Par la suite, mon expérience à la direction des risques professionnels d’une caisse d’assurance retraite et de la santé au travail (Carsat) a mis en exergue le décalage entre les prescriptions faites par les organisations pour préserver la santé physique et mentale des collaborateurs et la réalité du terrain. En d’autres termes, nous disions quoi faire aux travailleurs pour être en bonne santé… sans écouter leurs besoins

Cette observation a eu l’effet d’un déclic. Il n’y a pas de santé physique et mentale sans l’écoute des travailleurs. L’écoute des problématiques qu’ils rencontrent pour bien faire et bien vivre leur travail, mais également des solutions qu’ils apportent. Pourquoi ? Parce que la santé au travail ne se résume pas aux accidents du travail : il doit y avoir une égalité de traitement entre santé physique et santé mentale. 

Et si la plupart du temps la santé physique se voit, s’observe, la santé mentale, elle, s’écoute. Je dirais d’ailleurs que l’écoute est consubstantielle au principe de SQVT. Pourtant, elle reste encore trop souvent perçue par les entreprises comme un supplément d’âme. Alors même qu’en France, moins de la moitié des travailleurs se dit être informée ou consultée par les organisations lors de prises de décisions significatives, et que notre état de santé au travail se dégrade. En parallèle, l’attractivité des employeurs est en perte de vitesse

Cette écoute des travailleurs, qu’ils soient managers, collaborateurs, intérimaires, vacataires ou sous-traitants, peut inverser la tendance. Les retours terrain des entreprises la mettant en pratique prouvent en outre l’efficacité d’une telle approche. 
 

Ce projet de recherche s’adresse en premier lieu aux dirigeants, qui se doivent d’impulser le changement.


Il faut faire de l’écoute le premier principe de prévention des atteintes à la santé mentale. Et ce, jusque dans le code du travail et à grande échelle, car les initiatives isolées ne suffiront pas pour changer de paradigme managérial

Seule une démarche d’ampleur, structurée et partagée par tout un écosystème pourra fonctionner et nous permettre collectivement d’élaborer des politiques de SQVT efficaces. C’est pourquoi, en partenariat avec de nombreux acteurs de la prévention, nous avons lancé la Fondation Projet 41-21, dont l’objectif vise à développer une nouvelle norme de management de la performance par l’écoute, au travers d’un projet de recherche rassemblant 1 000 entreprises volontaires, de toutes tailles et de tous horizons. 

Ce projet de recherche s’adresse en premier lieu aux dirigeants, qui se doivent d’impulser le changement.
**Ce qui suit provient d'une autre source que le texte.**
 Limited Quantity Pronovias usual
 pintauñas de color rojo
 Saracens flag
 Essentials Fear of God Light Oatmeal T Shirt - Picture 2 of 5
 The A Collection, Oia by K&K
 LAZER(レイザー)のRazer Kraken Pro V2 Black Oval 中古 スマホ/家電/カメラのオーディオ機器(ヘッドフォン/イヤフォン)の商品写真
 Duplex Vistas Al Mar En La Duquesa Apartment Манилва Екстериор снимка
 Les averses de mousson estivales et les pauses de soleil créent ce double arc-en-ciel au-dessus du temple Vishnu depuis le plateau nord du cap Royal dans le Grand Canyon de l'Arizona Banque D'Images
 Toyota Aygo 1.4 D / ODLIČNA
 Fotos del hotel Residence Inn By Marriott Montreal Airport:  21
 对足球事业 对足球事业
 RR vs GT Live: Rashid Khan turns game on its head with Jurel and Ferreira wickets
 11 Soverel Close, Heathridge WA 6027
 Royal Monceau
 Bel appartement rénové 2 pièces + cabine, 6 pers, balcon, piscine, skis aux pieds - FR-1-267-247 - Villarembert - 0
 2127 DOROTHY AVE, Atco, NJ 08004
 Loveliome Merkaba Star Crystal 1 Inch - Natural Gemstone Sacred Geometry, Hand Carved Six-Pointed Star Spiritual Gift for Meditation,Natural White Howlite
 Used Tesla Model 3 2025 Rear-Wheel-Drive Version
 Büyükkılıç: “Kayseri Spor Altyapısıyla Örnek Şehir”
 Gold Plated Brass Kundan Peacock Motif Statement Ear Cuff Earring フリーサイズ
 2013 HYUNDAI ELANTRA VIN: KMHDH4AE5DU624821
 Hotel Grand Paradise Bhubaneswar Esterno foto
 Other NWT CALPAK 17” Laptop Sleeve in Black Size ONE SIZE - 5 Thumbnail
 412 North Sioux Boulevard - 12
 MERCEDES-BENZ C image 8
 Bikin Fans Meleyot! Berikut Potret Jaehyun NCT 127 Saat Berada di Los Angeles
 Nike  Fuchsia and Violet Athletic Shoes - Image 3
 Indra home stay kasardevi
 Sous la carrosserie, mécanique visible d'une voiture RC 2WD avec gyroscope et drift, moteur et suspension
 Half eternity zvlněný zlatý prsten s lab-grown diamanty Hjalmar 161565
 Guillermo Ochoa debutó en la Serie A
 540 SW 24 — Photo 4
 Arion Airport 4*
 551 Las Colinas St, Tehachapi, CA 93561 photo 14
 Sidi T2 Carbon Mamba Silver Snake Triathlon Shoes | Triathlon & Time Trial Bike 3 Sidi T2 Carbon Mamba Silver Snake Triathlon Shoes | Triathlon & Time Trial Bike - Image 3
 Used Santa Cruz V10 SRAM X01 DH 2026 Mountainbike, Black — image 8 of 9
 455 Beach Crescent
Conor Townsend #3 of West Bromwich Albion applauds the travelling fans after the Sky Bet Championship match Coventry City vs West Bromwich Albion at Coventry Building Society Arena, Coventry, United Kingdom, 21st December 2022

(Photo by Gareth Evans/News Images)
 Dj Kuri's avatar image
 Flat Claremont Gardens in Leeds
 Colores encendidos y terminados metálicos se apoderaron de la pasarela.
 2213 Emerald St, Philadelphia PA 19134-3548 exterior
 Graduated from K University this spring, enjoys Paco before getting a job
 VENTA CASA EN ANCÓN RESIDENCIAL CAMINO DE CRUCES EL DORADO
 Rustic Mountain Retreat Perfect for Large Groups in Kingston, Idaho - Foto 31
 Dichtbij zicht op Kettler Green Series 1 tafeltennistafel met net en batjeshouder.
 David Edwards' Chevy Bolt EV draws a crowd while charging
Il repose sur un référentiel de dix blocs de compétences rassemblées sous le triptyque « écouter – évaluer – agir ». 

Concrètement, cela veut dire que les parties prenantes au projet s’engagent à écouter ce que leurs salariés ont à dire pour mieux faire et mieux vivre leur travail, à réaliser une évaluation des risques en conséquence et à imaginer des solutions permettant de créer des espaces de discussion et de transformation du travail. De plus, les résultats des études et actions réalisées seront rendus publics, afin de contribuer pleinement à l’état de l’art en matière de management et de santé au travail. 

Ainsi, par cette initiative, nous souhaitons engager un mouvement d’ensemble au service de la santé physique et mentale. Nous souhaitons passer de cas exceptionnels à des pratiques et cas d’usage de masse, bénéfiques à tous. 


*Éditions Master, 2022
 

La Fondation Projet 41-21

 

La Fondation Projet 41-21 est une fondation par fonds de dotation composée d’un conseil d’administration, d’un comité de pilotage et d’un comité d’évaluation. 

Parmi ses membres figurent Sophie Thiéry, cogarante des Assises du Travail, Jean-François Naton, membre du Conseil économique social et environnemental (CESE) et ancien président de l’Institut national de recherche et de sécurité (INRS), Michel Ledoux, avocat en santé au travail, Malakoff Humanis, Fidal, Cyril Cosme, directeur du Bureau international du travail (BIT) pour la France, quatre services de prévention et santé au travail, des chercheurs universitaires, ou encore Hervé Lanouzière, directeur de l’Institut national du travail, de l’emploi et de la formation professionnelle (INTEFP).

À ce jour, 50 organisations se sont portées volontaires pour rejoindre l’initiative en tant qu’entreprises ou référents Projet 41-21.